Data records
=== Section Start ===

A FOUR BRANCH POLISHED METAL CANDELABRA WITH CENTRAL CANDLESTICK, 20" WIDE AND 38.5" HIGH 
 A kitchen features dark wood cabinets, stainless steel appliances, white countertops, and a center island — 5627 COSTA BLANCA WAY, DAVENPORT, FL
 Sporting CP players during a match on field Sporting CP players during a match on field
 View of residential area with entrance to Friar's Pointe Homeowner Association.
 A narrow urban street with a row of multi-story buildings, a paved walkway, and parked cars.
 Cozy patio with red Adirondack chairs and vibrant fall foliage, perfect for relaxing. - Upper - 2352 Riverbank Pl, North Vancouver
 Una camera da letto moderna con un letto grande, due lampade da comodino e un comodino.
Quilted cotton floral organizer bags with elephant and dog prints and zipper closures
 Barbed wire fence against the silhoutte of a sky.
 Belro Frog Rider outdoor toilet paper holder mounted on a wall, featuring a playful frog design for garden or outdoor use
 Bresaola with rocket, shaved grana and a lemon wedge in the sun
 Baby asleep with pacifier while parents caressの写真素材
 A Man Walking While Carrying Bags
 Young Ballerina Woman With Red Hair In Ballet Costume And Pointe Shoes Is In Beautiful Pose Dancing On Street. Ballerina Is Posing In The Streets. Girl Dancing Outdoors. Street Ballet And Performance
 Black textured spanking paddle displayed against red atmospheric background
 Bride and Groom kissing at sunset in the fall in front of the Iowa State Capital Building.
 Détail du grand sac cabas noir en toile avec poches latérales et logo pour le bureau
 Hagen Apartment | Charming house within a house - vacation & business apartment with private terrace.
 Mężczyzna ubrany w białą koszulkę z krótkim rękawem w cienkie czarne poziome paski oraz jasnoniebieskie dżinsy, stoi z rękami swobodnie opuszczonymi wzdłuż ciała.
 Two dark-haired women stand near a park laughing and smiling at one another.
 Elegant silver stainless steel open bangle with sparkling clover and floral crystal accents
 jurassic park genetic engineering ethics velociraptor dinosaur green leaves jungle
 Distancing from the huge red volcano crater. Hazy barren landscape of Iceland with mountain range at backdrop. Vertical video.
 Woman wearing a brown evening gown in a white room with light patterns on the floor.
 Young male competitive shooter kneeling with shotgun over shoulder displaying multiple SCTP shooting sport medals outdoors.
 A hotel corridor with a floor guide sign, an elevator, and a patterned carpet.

=== Section End ===

### Assigned task
Please retype, without any change, the line containing "Hagen Apartment |" and every line after it to the end of the entries above, and only those.

### Answer to this task
 Hagen Apartment | Charming house within a house - vacation & business apartment with private terrace.
 Mężczyzna ubrany w białą koszulkę z krótkim rękawem w cienkie czarne poziome paski oraz jasnoniebieskie dżinsy, stoi z rękami swobodnie opuszczonymi wzdłuż ciała.
 Two dark-haired women stand near a park laughing and smiling at one another.
 Elegant silver stainless steel open bangle with sparkling clover and floral crystal accents
 jurassic park genetic engineering ethics velociraptor dinosaur green leaves jungle
 Distancing from the huge red volcano crater. Hazy barren landscape of Iceland with mountain range at backdrop. Vertical video.
 Woman wearing a brown evening gown in a white room with light patterns on the floor.
 Young male competitive shooter kneeling with shotgun over shoulder displaying multiple SCTP shooting sport medals outdoors.
 A hotel corridor with a floor guide sign, an elevator, and a patterned carpet.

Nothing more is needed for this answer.